Hacker News new | ask | show | jobs
by metadat 1305 days ago
It's always a risk when you're leasing computer resources from a 3rd party.

At least if you own the hardware, you won't lose your data (except in extreme cases where the government takes it, but if this is the case you're screwed and data / service loss is the least of your worries).

2 comments

> At least if you own the hardware, you won't lose your data (except in extreme cases where the government takes it

For colocation you probably won't loose the data but the company you chose can still disconnect you. And it's not uncommon in certain countries that police will take the whole rack belonging to different customers when they do police raids against pirating, mainly because they're incompetent but also trying to find other violators.

People have backups on another cloud / on premise right?
That's a lot of work to do right. Probably rare in the wild.
> That's a lot of work to do right.

Compared to?

Backups are something you should have regardless, an account with other providers and means to spin up some nodes is just basic common sense.

Vote with your wallet, let the execs know and never come back, it's honestly that simple.

Agreed. It's easy to get a false sense of security with s3 / object storage being so reliable.

Always better to have an escape hatch and corresponding protocols in place.

Every business I work(ed) with found out that at least backups (on cd, dvd, tape and s3) for some systems were useless when trying to restore them.
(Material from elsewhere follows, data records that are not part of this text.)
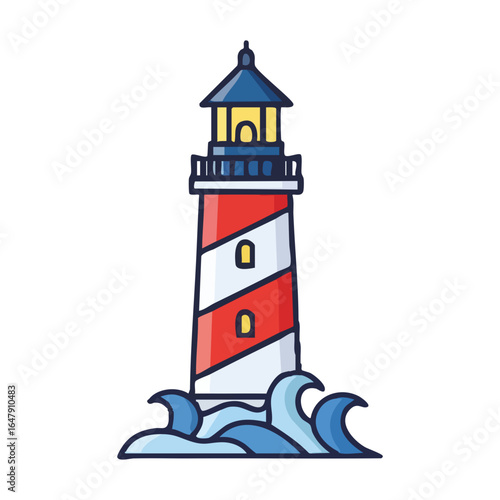 Classic lighthouse with ocean waves.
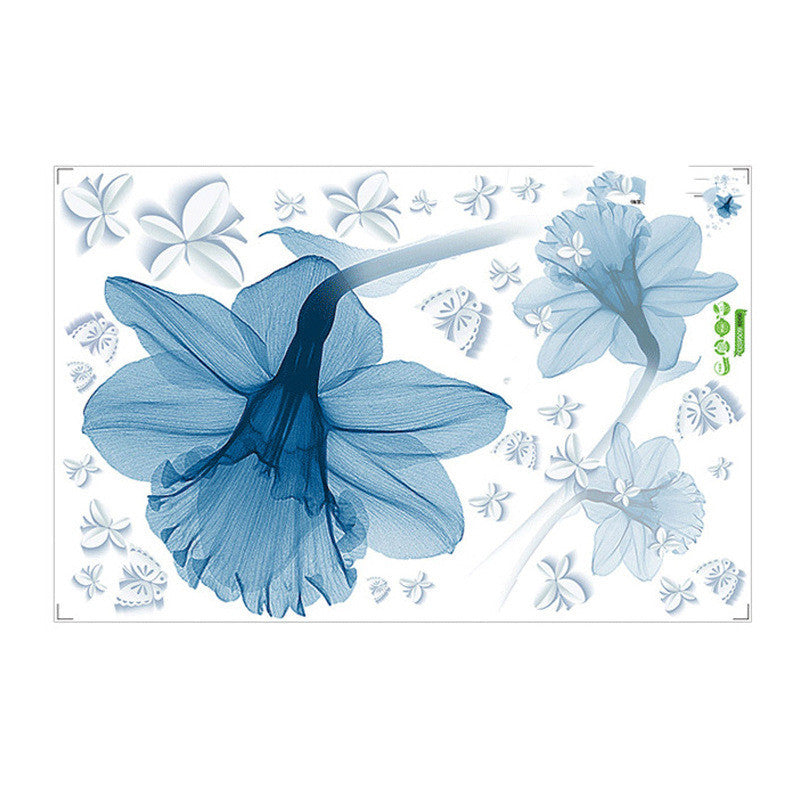 Nordic Blue Flower Background Ring Creating Decorative Wall Stickers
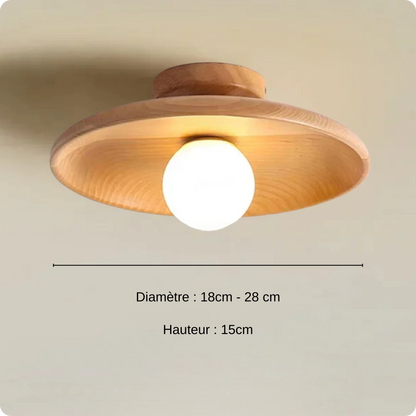 Plafonnier moderne bois noyer rond montage simple pour éclairage cosy - PlafonnierDeco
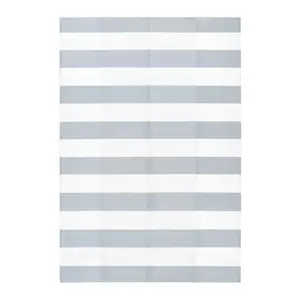 Large Garden Outdoor Rug For Patio, Misty Grey & White Line Waterproof Garden Rug 160 x 230cm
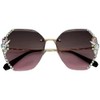 Cricia Rimless Diamond Sunglasses Women Oversized Rimless Diamond Cut Sunglasses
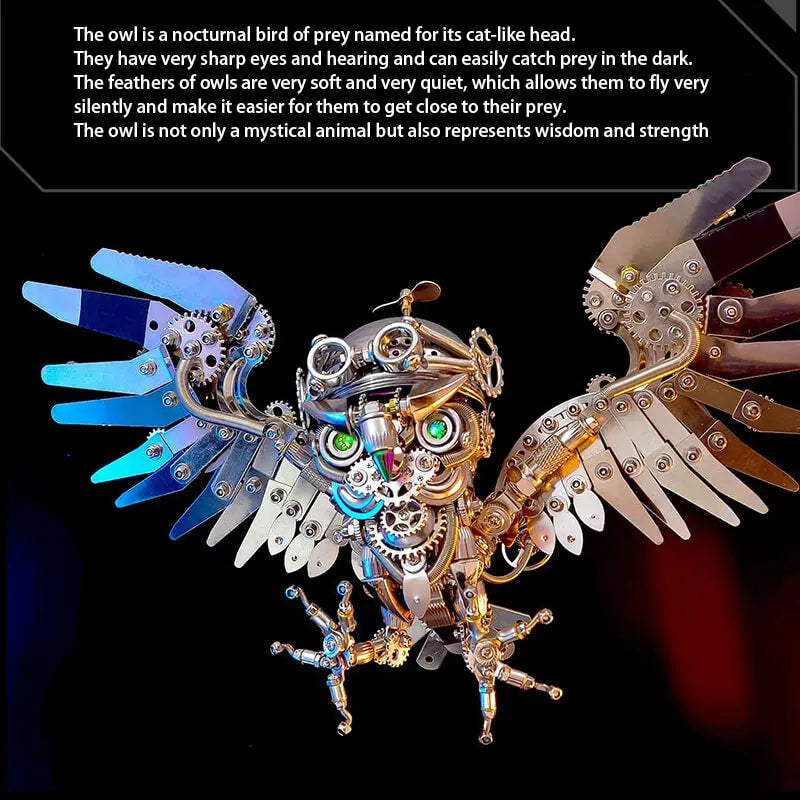 Owl Steampunk 3D Metal Puzzle Kit Animal Series for Adults metalkitor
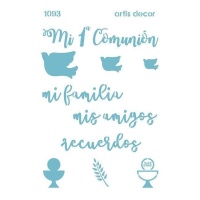 Stencil da minha primeira comunhão 20 x 28,5 cm - Artis decor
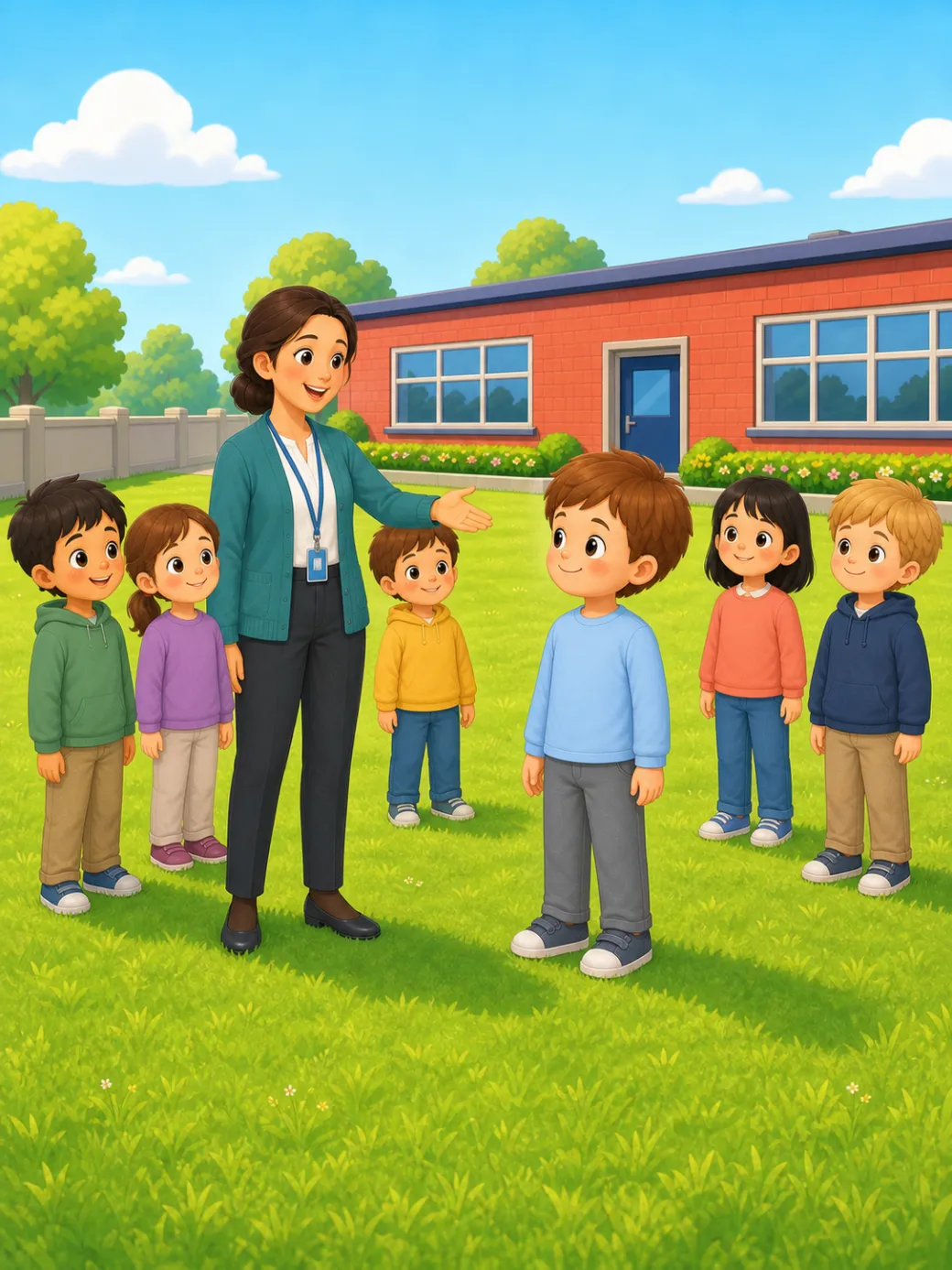 social story about fire drill — page 10 illustration
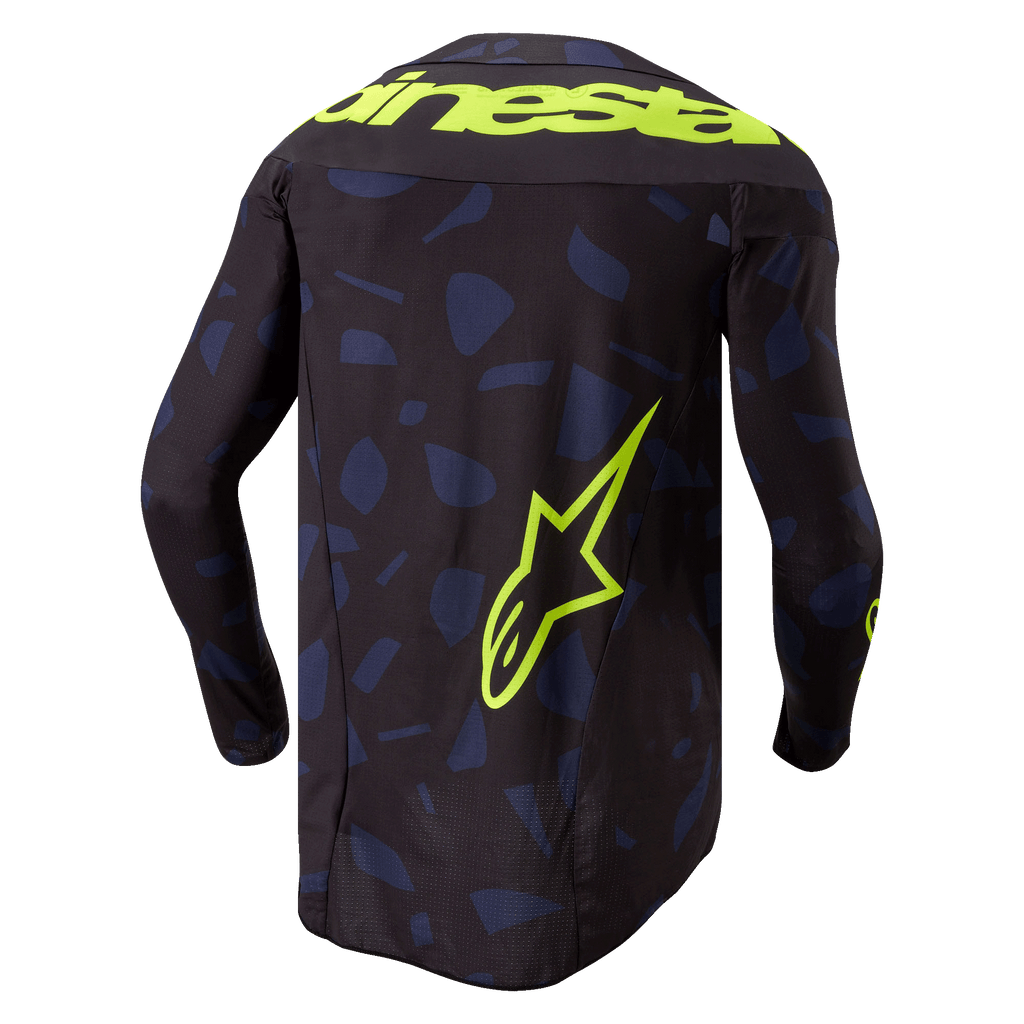 Alpinestars 2024 Techstar Rantera Trikot, Motocross-Trikot, Schwarz Marineblau Gelb Fluo, Rückansicht, marineblaues geometrisches Muster auf schwarzer Basis, auffälliger Alpinestars-Schriftzug in Gelb Fluo über den Schultern, großes Stern-Logo auf dem unteren Rücken, technische Langarm-Ausrüstung für den Offroad-Rennsport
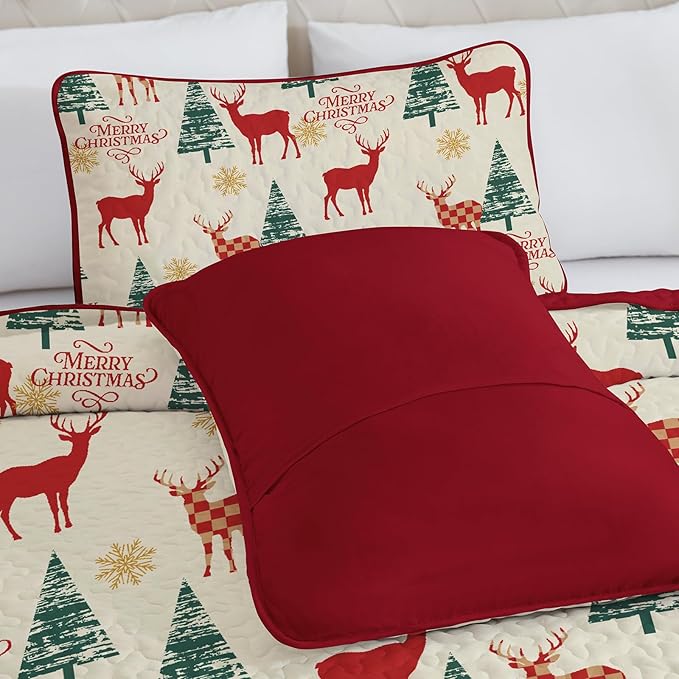 Dinjoy Red Beige Quilt Set King Size,Christmas Quilt Bedding Set Soft Bedspreads with 2 Pillowshams Lightweight Snowflake Xmas Gifts Wildlife Bed Coverlet for Kids Teens Adults 90" x 104"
Sometimes they had been storing useless backups for many years before finding out they were done wrong at the worst possible time.

Nothing to do with the medium, just when you have 100-1000s of systems which are backed up, some of these systems 10+ years old, testing the backups is simply not done in reality.

Testing restoring regularly is part of the deal of saying “i have a backup!”

A good thing is all these viral security requirements slithering through the software supply chain (and backup is a part of security because ransomware) will force anyone who sells SaaS to consider it after the startup stages when they sell to enterprises.